──────── DATA FOR REVIEW ────────

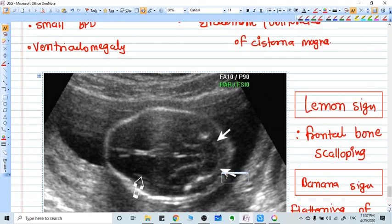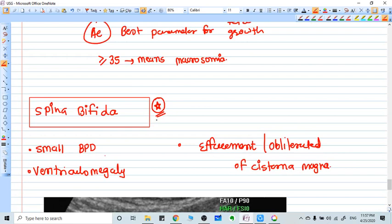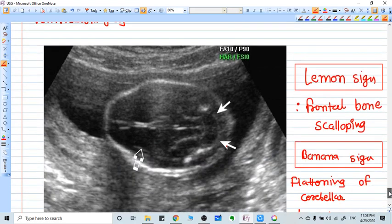In this video we are going to see spina bifida on ultrasound. This ultrasound image shows the thalamic view of the head. Spina bifida is a very common congenital condition in which a small biparietal diameter is present, there is ventriculomegaly, and effacement or obliteration of the cisterna magna.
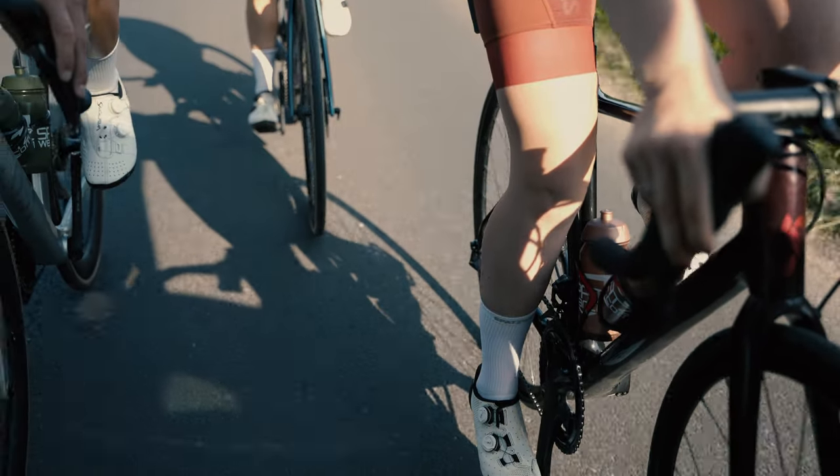That's the perfect length for cycling. And then as a nod to aerodynamics, we've actually added vertical striations all the way up from the ankle to the top of these socks, to try and keep airflow attached.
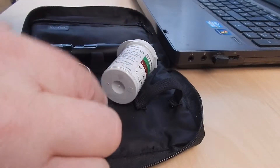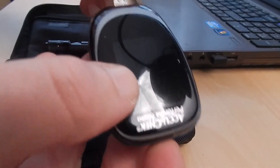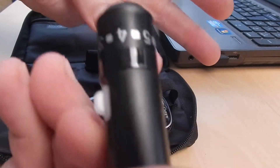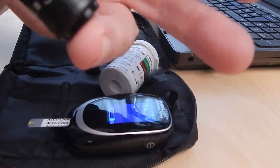These are the testing strips. There's a chip at one end that you feed into the meter, and then there's the measuring dipper — I guess the dipstick — at the other end. 222: that's what comes up — I don't know what it means, but every time I put a new strip in, it pops up 222.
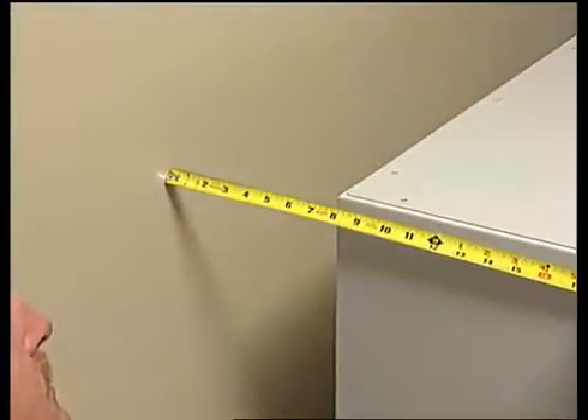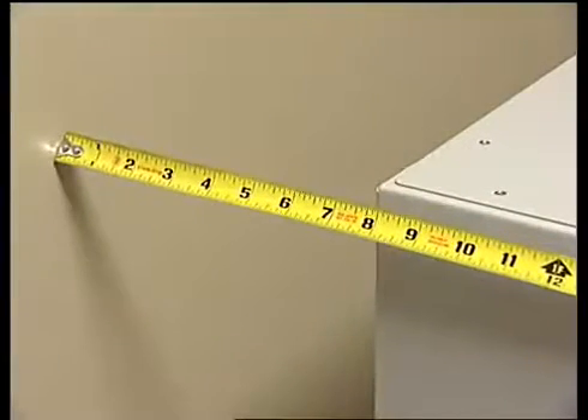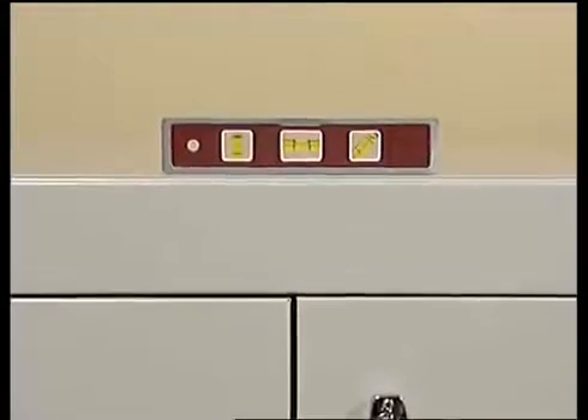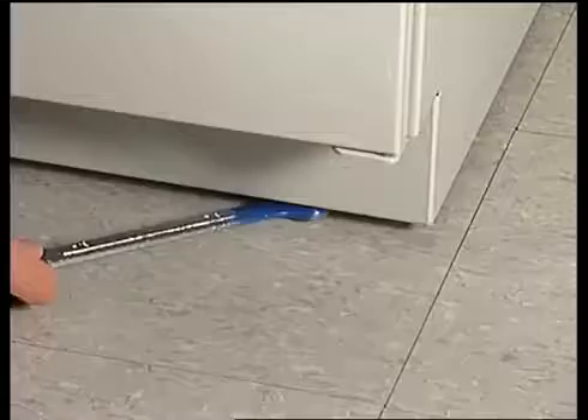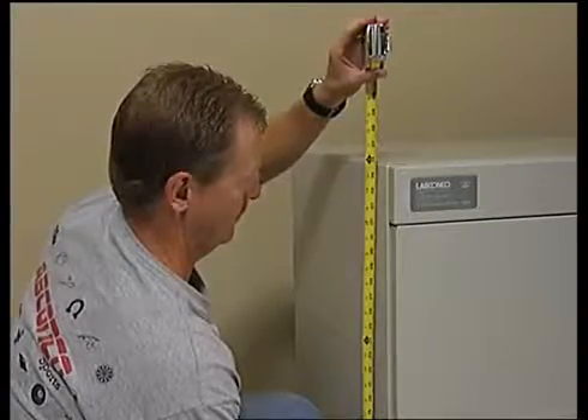Place the base cabinet in the approximate location near the ductwork connection and 8 inches from the wall to allow for utility connections. Use a level to check the base cabinet at the front, sides, and back, adjusting the leveling feet as required with a crescent or open-faced wrench. Ensure the top of the cabinet is 35 and 3 fourths inches above the floor.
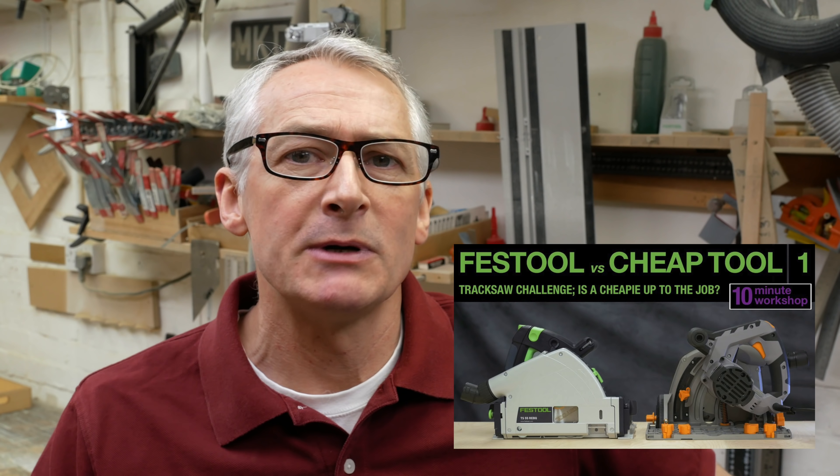Way back when I did my first Festool vs. cheap tool on the track saw, I had a dilemma about what cheap tool to use. I'd just bought the new Festool for myself, so that side was covered. Lidl had produced their Parkside saw just before and it sold out really quickly — it was a special buy. I didn't want to review a saw you couldn't buy, so I went with the Titan from Screwfix. The Titan was a basic entry-level saw and still represents excellent value. At the time I paid about £90; these days they're up to about £110, though they've been heavily discounted recently.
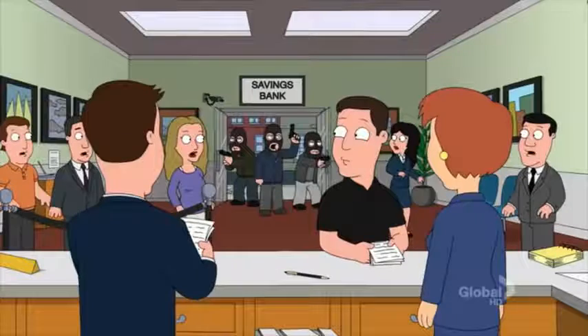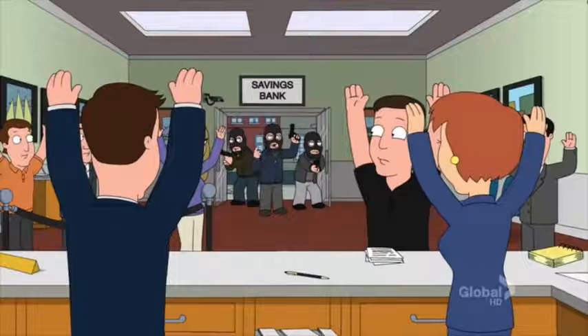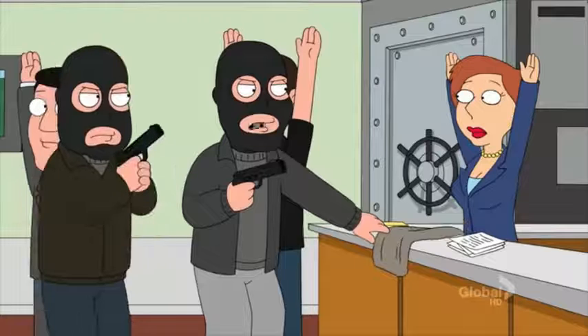All right, hands in the air! Vertically! Both arms should be parallel to each other! You! Fill this bag with clean, unmarked bills!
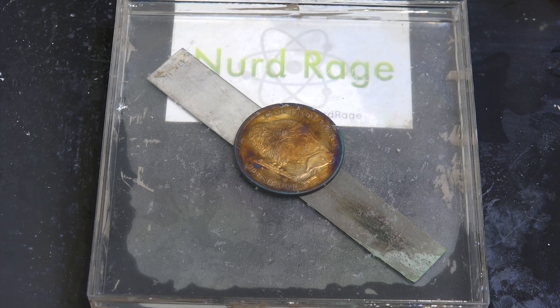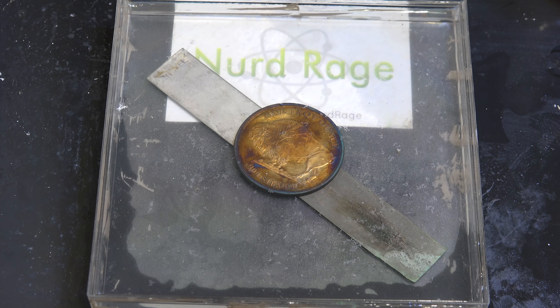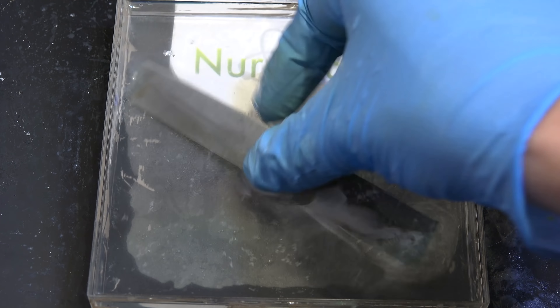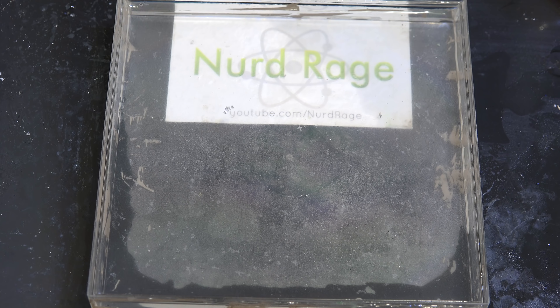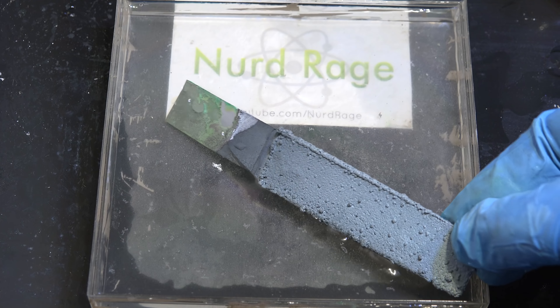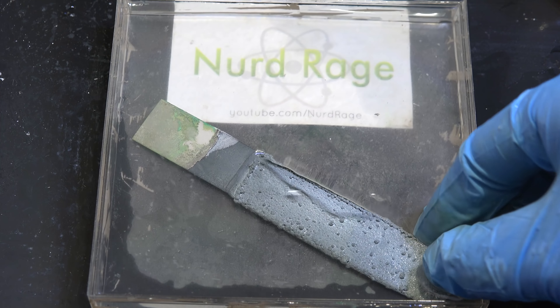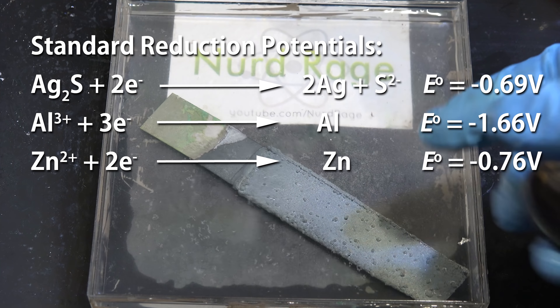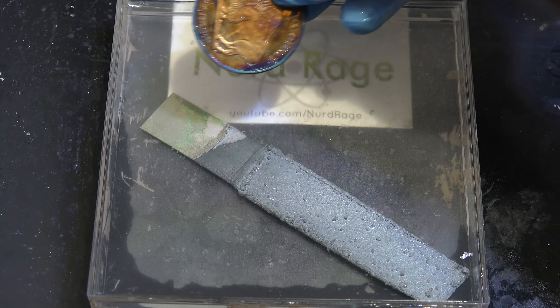Now you might be asking what would happen if we tried a metal other than aluminum. Let me try again, this time using nickel metal. Nickel has a much higher reduction potential than aluminum — in fact it's even higher than silver sulfide — so as you can see, nothing happens. The oxidation of nickel just isn't strong enough to force the reduction of silver sulfide.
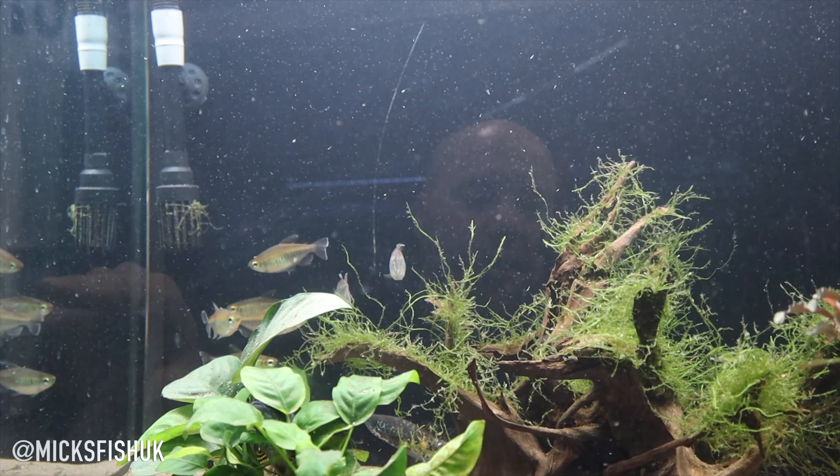Do snakeheads interact with you like arowanas do, or are they completely different - more docile, chilling at the bottom? Let me know in the comments if you're keeping golden cobras and know a fair bit about them, because I'll be honest I don't know a lot. I really do love keeping these fish though - they are stunning. Anyway, it's just a quick video today - I grabbed the camera in the fish room and thought I'd quickly show the snakeheads. Thanks for watching, like and subscribe, ding that notification bell, and keep it right everyone.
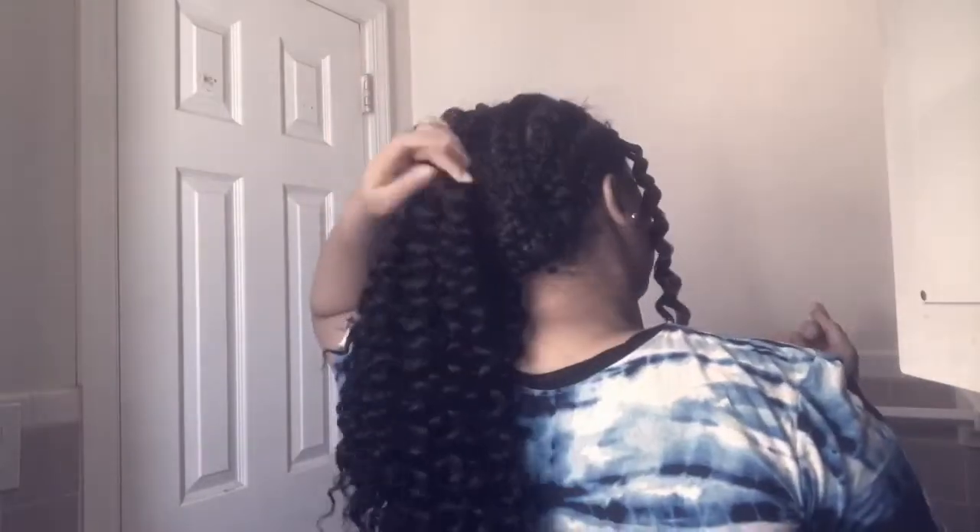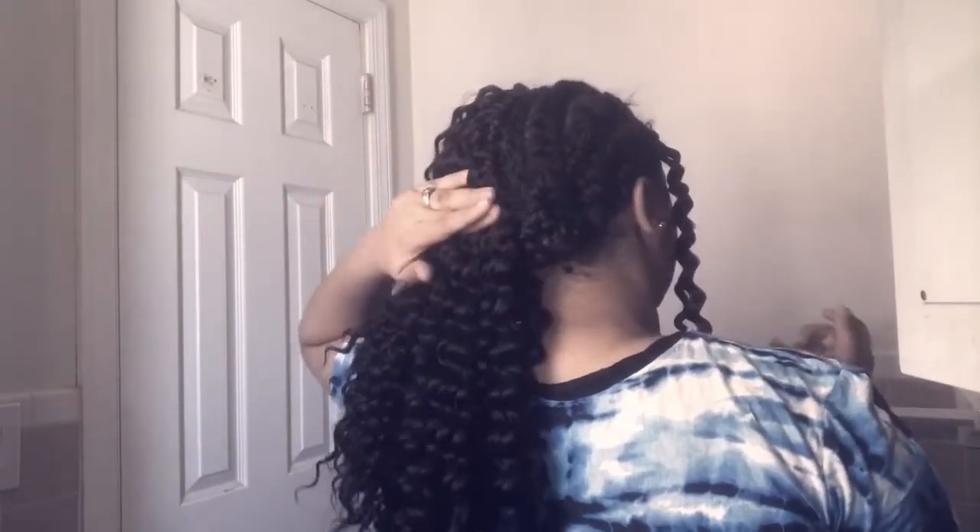I'm back — I already did half my head. When doing my hair I usually start from the bottom and work my way up, but if I'm running out of hair I'll start with the top, fill it in, and then make my way to the sides. I have four braids left. Let me show you guys the back — I'm already done with half my head.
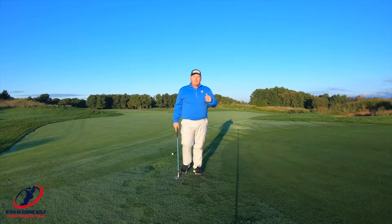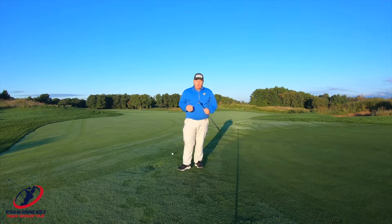One of the faults in chipping is knowing when to use the leading edge of the golf club and when to use the bounce.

────────

TASK DIRECTIONS ::
Take only the lines above from the one that has "That's the perfect" through the one that has "These are the" and reproduce them exactly, omitting any pictures.

THE ANSWER ::
That's the perfect length for cycling. And then as a nod to aerodynamics, we've actually added vertical striations all the way up from the ankle to the top of these socks, to try and keep airflow attached.
These are the testing strips. There's a chip at one end that you feed into the meter, and then there's the measuring dipper — I guess the dipstick — at the other end. 222: that's what comes up — I don't know what it means, but every time I put a new strip in, it pops up 222.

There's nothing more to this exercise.